Continued from page 1

Published on April 17, 2008

In 2004, Posner told the city he couldn't afford to build a new theater, which was one of the primary selling points of the project. He then missed the first deadline to pay back the city's loans. Posner's legal bills were rising, as were South Florida construction costs, at the same time the Florida condo market took a nosedive.

In 2006, HART finally went broke. The development group would not be paying the city back $3.5 million in loans. Only then did it become apparent that Posner and his partners had failed to get first mortgages on structures that were part of the project, despite having been loaned $1.6 million in CRA funds for that very purpose. So with those properties headed toward foreclosure, the city was in jeopardy of losing its investment altogether, not to mention control of the site's future use.

In this panicked state, Hollywood's Community Redevelopment Agency entered negotiations with the new developer WSG, leading to a May 2007 agreement for the firm to buy out Posner's group and pay back the city's $3.5 million loans, in exchange for which it would win exemptions from city zoning guidelines and collect 90 percent of the tax revenue generated by the project over the next 15 years – a figure that projects to $14.4 million based on current property tax rates.

At the April 2 commission meeting, WSG lobbyist Koslow cast his clients as heroes who only wanted a bit of profit in return for having rescued the city. For WSG to get that profit, the city would have to accept a project that was taller than what it had wanted, with less parking and smaller setbacks.

If it seems as though WSG has Hollywood over a barrel, it's not alone.

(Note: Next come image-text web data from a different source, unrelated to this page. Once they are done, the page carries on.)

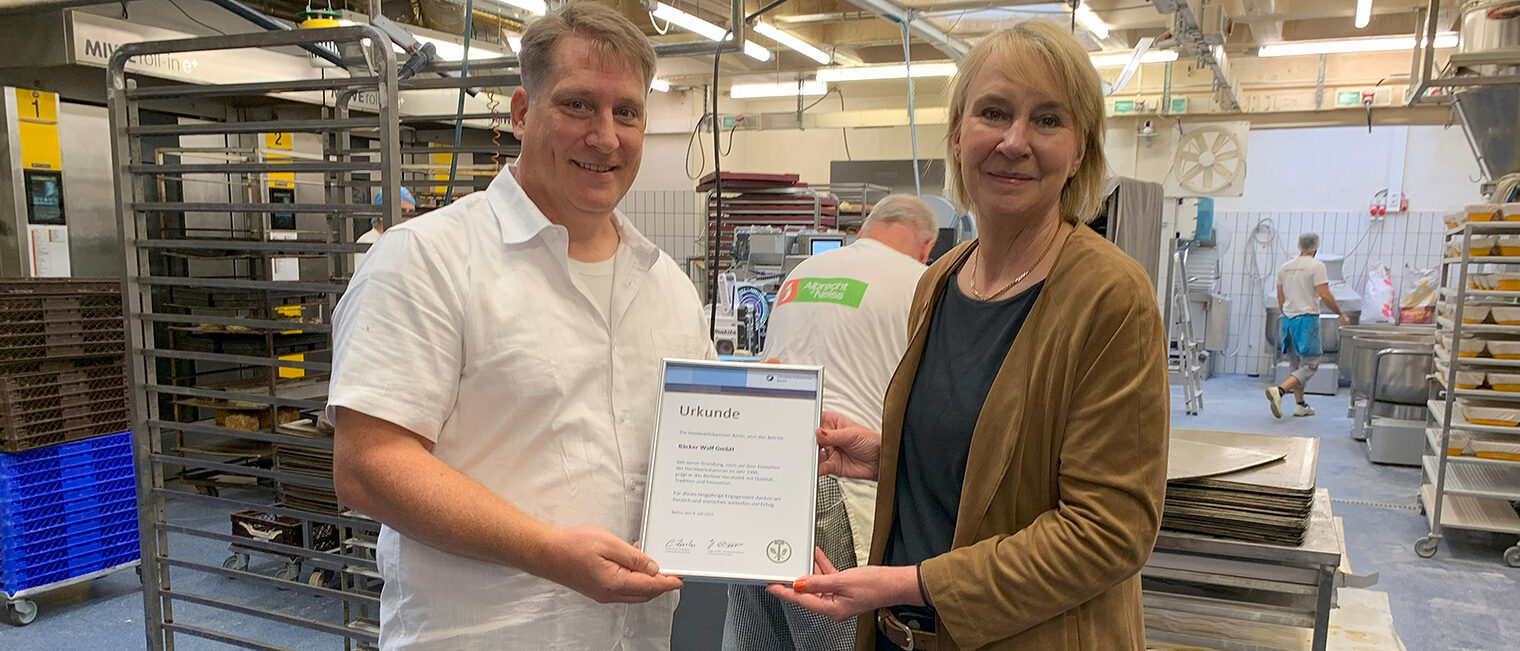 Carola Zarth überreicht Tobias Menge, Betriebsleiter der Bäckerei Walf GmbH, die Ehrenurkunde.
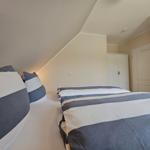 Schlafzimmer mit Doppelbett, Kleiderschrank und Spiegel an der Wand.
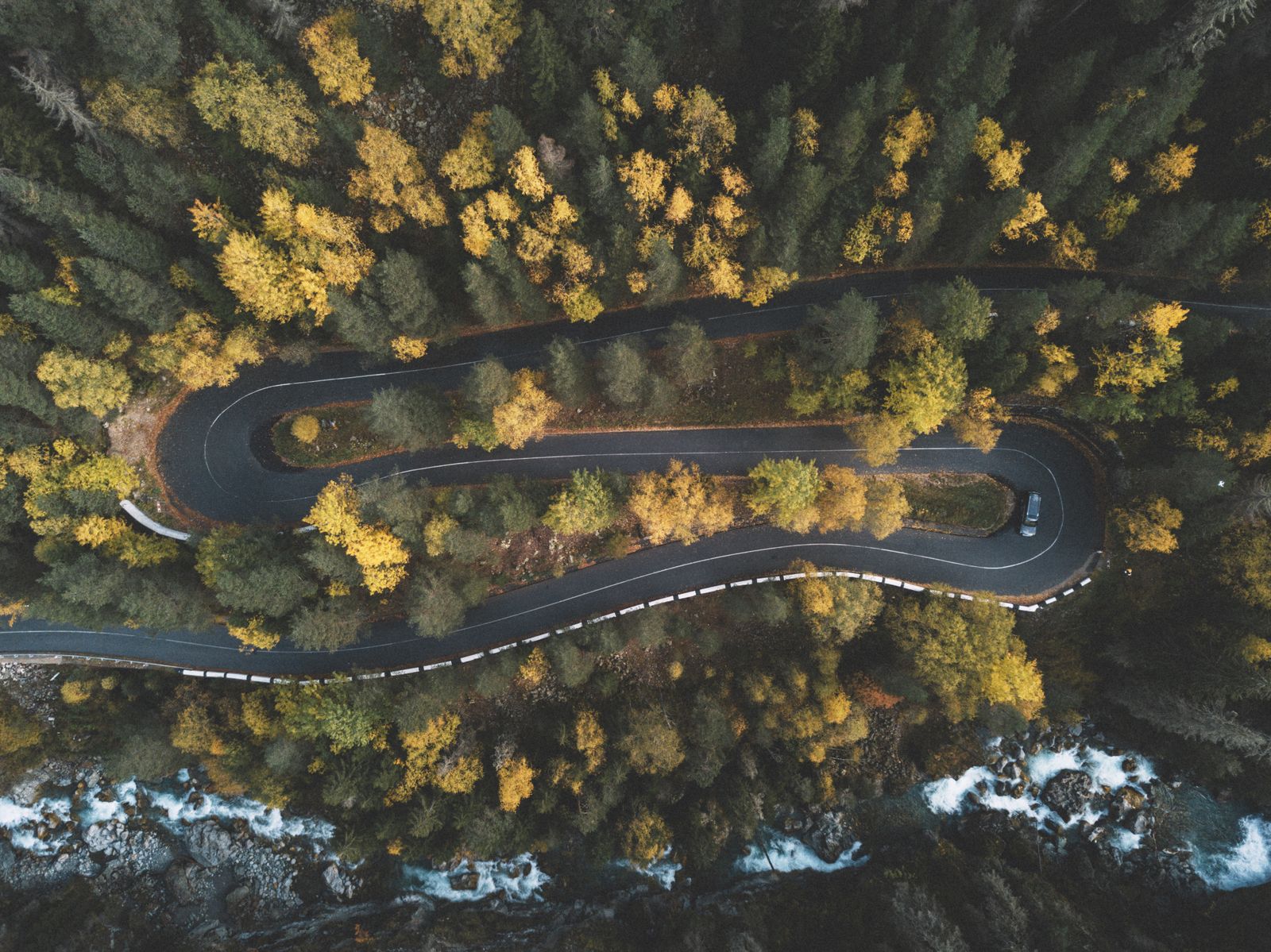 Aerial view of a curved road through autumn forest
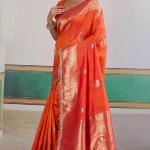 Proficient Orange Pure Zari Weaving Banarasi Silk Saree With Fancy Lace Border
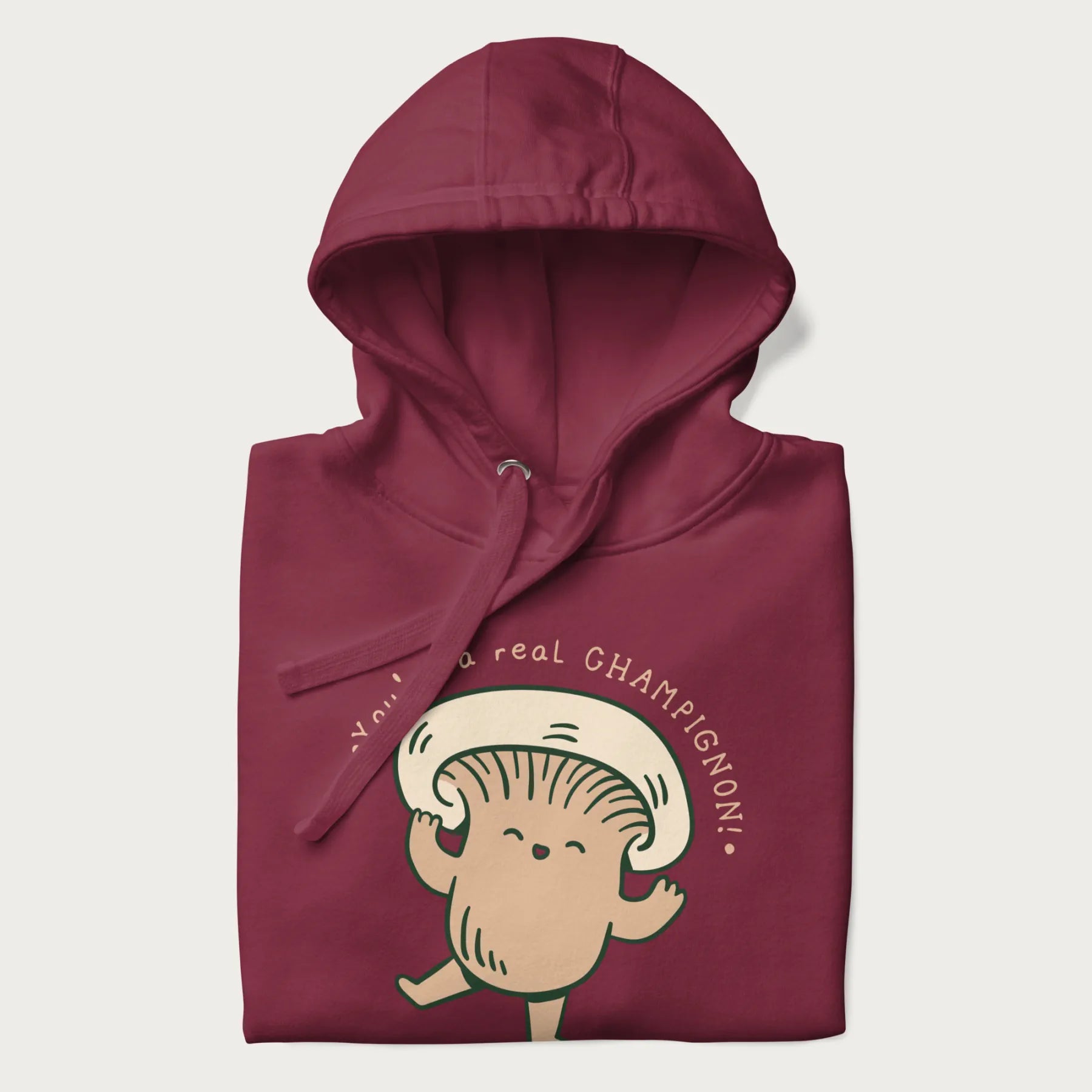 Folded maroon hoodie with a graphic of an adorable mushroom character and the text 'You're a real CHAMPIGNON!'.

The city is in a similar position with the Hollywood Academy of Arts and Science, the charter school that currently occupies the Home building's first three floors and is the last remnant of the HART project. The school was promised a new building on the same block when ArtsPark Village went forward, but charter school officials rejected other sites as financially troubled.

Hollywood schools were under-enrolled before the Hollywood Academy of Arts and Science was formed. Now the charter school looks like a luxury for a cash-strapped city. But if it's extravagant, it's also well connected: It's managed by the for-profit, Fort Lauderdale-based corporation Charter Schools USA, whose officers include prominent Broward County Republicans such as former county party chair Shane Strum and G.O.P. operative and Bush family friend Art Kennedy. When safety standards threatened the school's 2004 opening, a Republican-sponsored bill exempting charter schools from the safety standard was rushed through the state legislature and signed into law in the nick of time for the school's grand opening.

How a Republican school outfit wrangled a promised gift of land worth an estimated $9 million, without competition from other charter school operators, in a city controlled by Democrats, seems destined to be another Hollywood mystery. Giulianti, a Democrat, isn't talking. She's no more available to explain why the city is paying Posner's failed HART group $270,000 a year to run the same school through 2013.

Neil Fritz, the director of Hollywood's downtown Community Redevelopment Agency, said "it's not in the city's interest" to stop those payments, but declined to say why. Instead, he referred New Times to acting Hollywood attorney Alan Fallik, who said such a move could lead to HART suing the CRA.

In effect, Fallik said, the CRA told HART, "We're not going to hold you responsible" – for having broken your contract and squandered millions of city tax dollars – "as long as WSG performs."